### Supplied data
┏━━

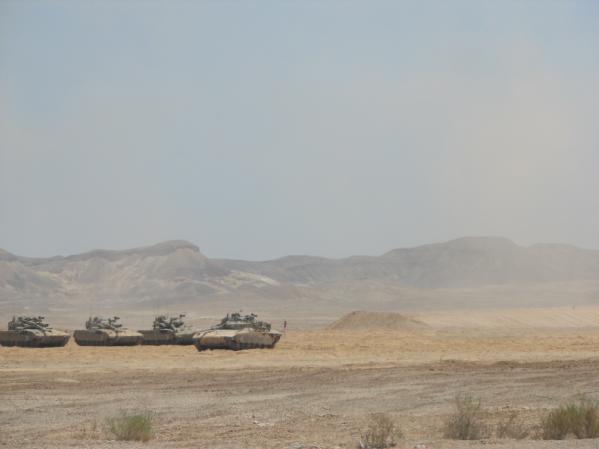 Пустыный пейзаж с военной техникой. marina-laura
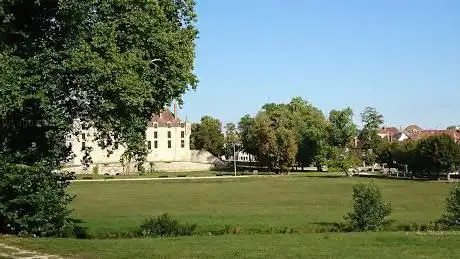 Parc du Château de Vendeuvre-sur-Barse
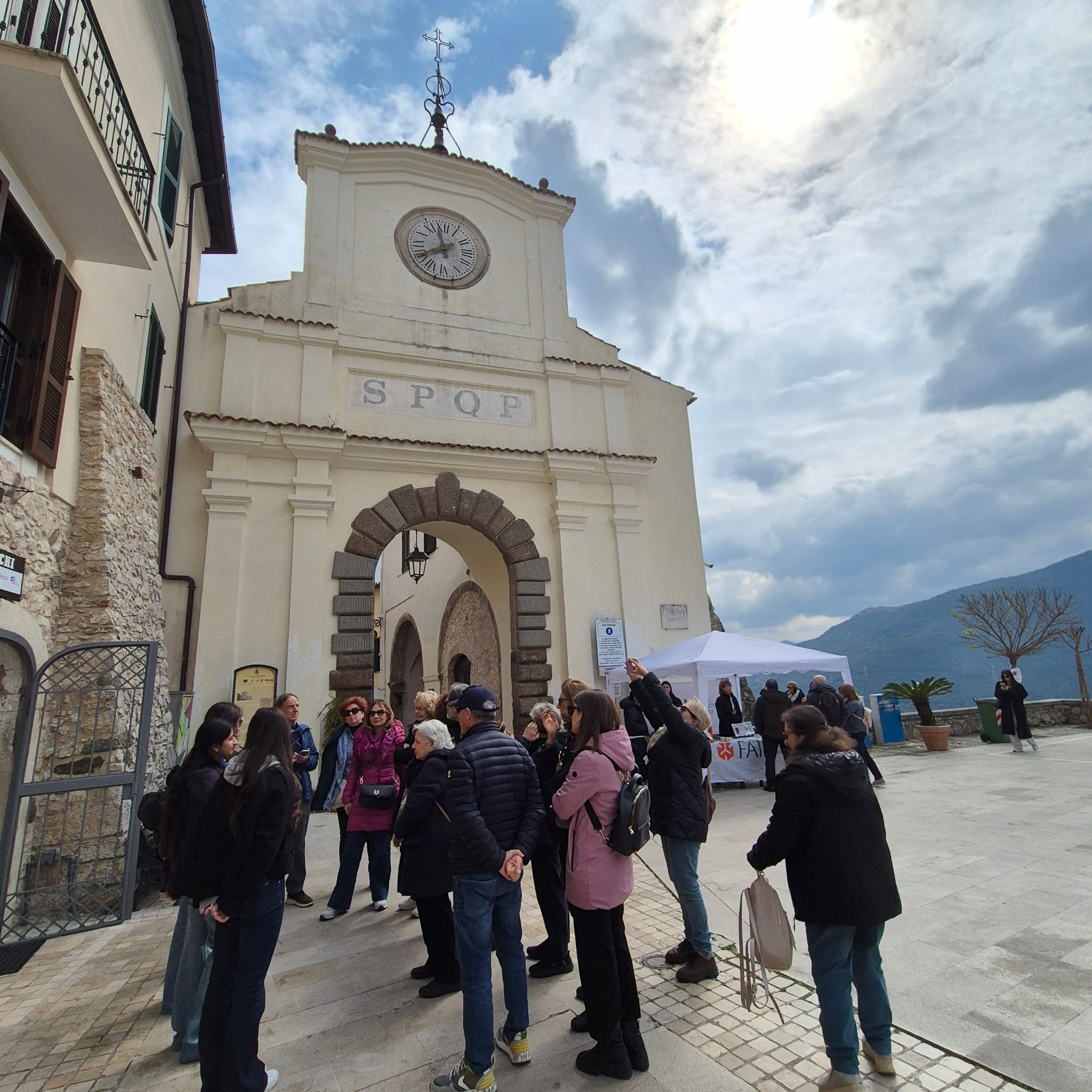 descrizione immagine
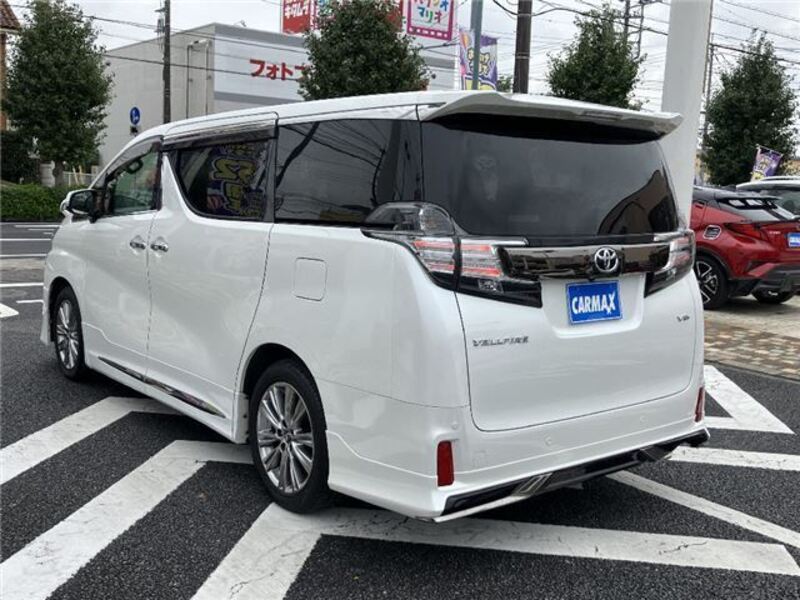 VELLFIRE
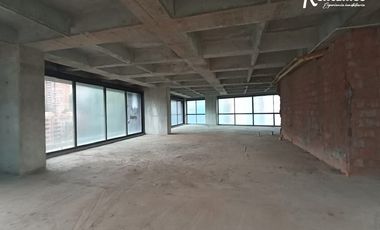 oficina en arriendo en los balsos. Cod A775069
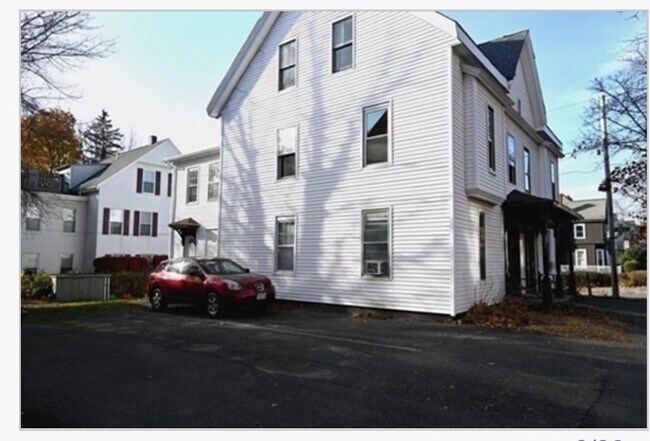 Building Photo - 454 Main St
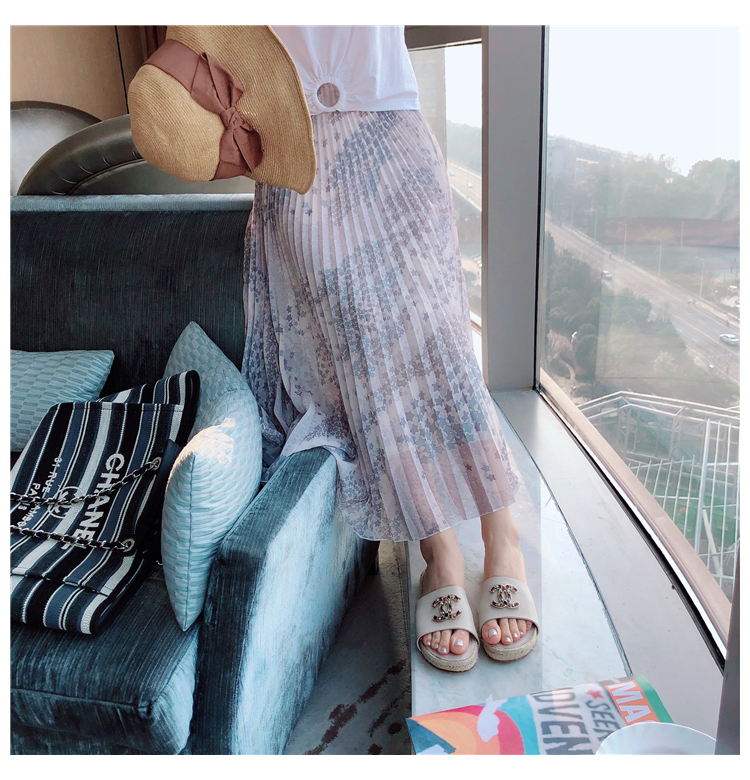 Chenyi skirt 2019 new pattern skirt Korean Edition Mid length version Star Print Versatile Pleated skirtin the Women's clothing/Boutique , Skirts category - from Buy2taobao.com to provide professional Taobao agent buy service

┗━━

Write out the records once more, word for word, though without the pictures they contain.

### Result
 Пустыный пейзаж с военной техникой. marina-laura
 Parc du Château de Vendeuvre-sur-Barse
 descrizione immagine
 VELLFIRE
 oficina en arriendo en los balsos. Cod A775069
 Building Photo - 454 Main St
 Chenyi skirt 2019 new pattern skirt Korean Edition Mid length version Star Print Versatile Pleated skirtin the Women's clothing/Boutique , Skirts category - from Buy2taobao.com to provide professional Taobao agent buy service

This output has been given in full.